We love our air dryer, and the celeriac chips do really nicely in it  nom nom nom


----------



## Mark Parrott (Apr 16, 2016)

Just had ours. Really impressed!


----------



## GregP (Apr 16, 2016)

Mark, try chicken drumsticks in there... They are so yummy!!! I do a batch for the week for snacks/lunch


----------



## Superheavy (Apr 17, 2016)

Greg and Mark,

I know my mum has one of these ... is it really worth the hundred quid or so required for one of there?

Along with this, my space for additional kitchen gadgets - sandwich maker and toaster is pretty limited, so it needs to be good to be worthwhile.

Should I?


----------



## Pumper_Sue (Apr 17, 2016)

Superheavy said:


> Greg and Mark,
> 
> I know my mum has one of these ... is it really worth the hundred quid or so required for one of there?
> 
> ...


You get more space in a halogen oven and can do a lot more besides fry things in a halogen oven oh and it's a lot cheaper.


----------



## lucy123 (Apr 17, 2016)

Mark Parrott said:


> Just had ours. Really impressed!


Glad you like it Mark. Steak cooks lovely in mine. Steak flat mushroom and spinach for tea last night.  No fuss - chucked both steak and mushroom in fryer for15 mins whilst I got on with life.  Post things you find cook nice please.


----------



## Mark Parrott (Apr 17, 2016)

Superheavy said:


> Greg and Mark,
> 
> I know my mum has one of these ... is it really worth the hundred quid or so required for one of there?
> 
> ...


I only paid £40 for ours off eBay. It's quite a small one so doesnt take up too much room.


----------



## lucy123 (Apr 17, 2016)

Mine is a Philips and got mine for about 40 pounds too but actually paid nothing as I boosted my club card points.


----------



## Sally W (Dec 16, 2019)

Pumper_Sue said:


> You get more space in a halogen oven and can do a lot more besides fry things in a halogen oven oh and it's a lot cheaper.


 @Pumper_Sue 
I’ve been thinking of a halogenair fryer as I don’t like the idea of the coated teflon fryers. Does it really crisp food using air? I’m thinking swede chips instead of potatoes


----------



## Bruce Stephens (Dec 16, 2019)

Sally W said:


> Does it really crisp food using air?



Radiation, I think (light, specifically infra-red). The air temperature is also significantly increased, but if I understand correctly air's not that good for transmitting heat (heat capacity is too low). Which is partly why some ovens offer steam (since water's much better at holding heat energy), and why sous vide mostly uses water (sometimes oil or other liquids).

I find (or found, since my oven bulb died and can't be replaced, so I'll have to buy another one) that a halogen oven isn't that good for crisping things.
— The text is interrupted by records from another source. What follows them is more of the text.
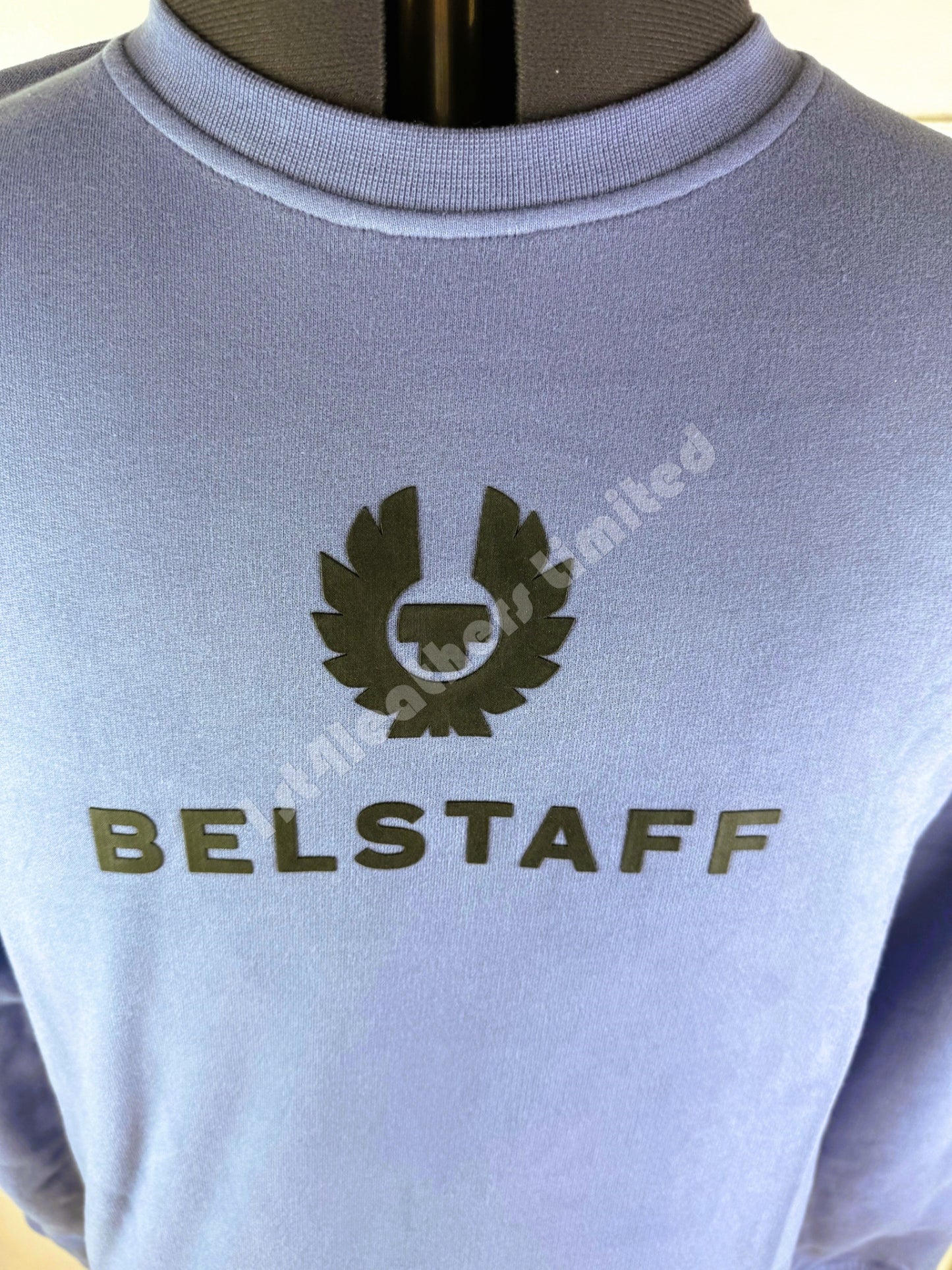 Belstaff Signature Crew Neck Sweatshirt in Mauve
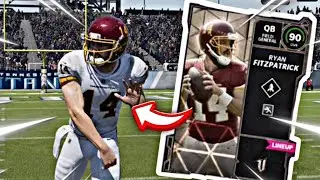 FITZMAGIC! VETERAN RYAN FITZPATRICK GAMEPLAY! MADDEN 22 ULTIMATE TEAM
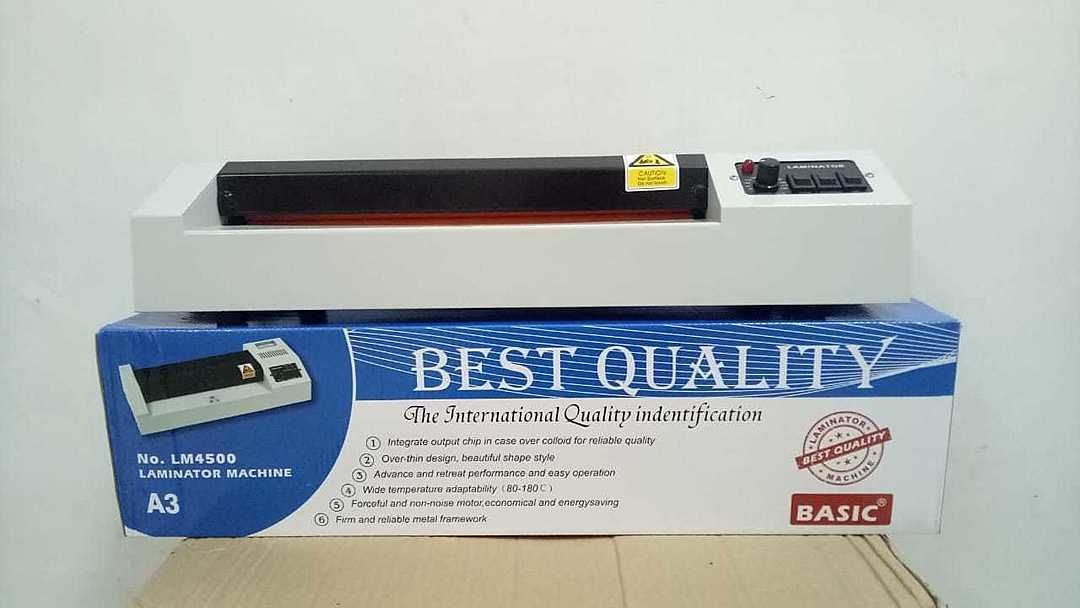 A3 Size Laminator  Best Quality uploaded by business on 9/21/2020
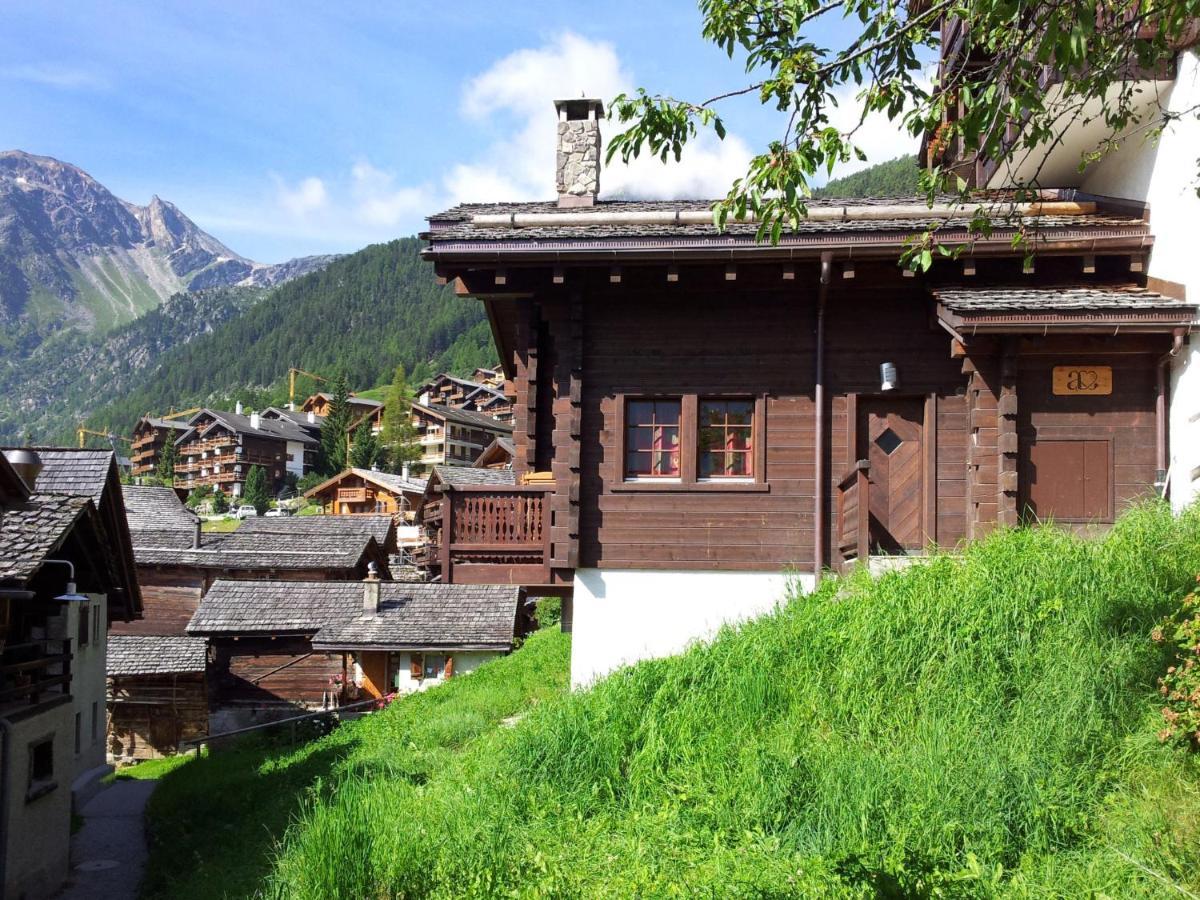 Villa Chalet Chalet A Coeur à Grimentz Extérieur photo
Works OK for things like chips, but less good for (for example) pizza. The issue is that moisture is fairly well retained (which is good for some things, not for others).

I imagine an air fryer has some better way to get rid of moisture. Maybe they're more like a grill (where you're really relying on radiation more than air temperature) than an oven (which is deliberately retaining the hot air (and moisture), which is great for the inside of a baked potato since you're generally heating everything). But I'm guessing a bit.


----------



## AndBreathe (Dec 16, 2019)

I don't know about all air fryers, but ours have a vortex-style "wind in it.  Just as example of how I know is if I choose to do bacon, to replicate the M&S Crispy Bacon Strips, once it gets to the finished stage, it can be seen flying around the gadget cavity.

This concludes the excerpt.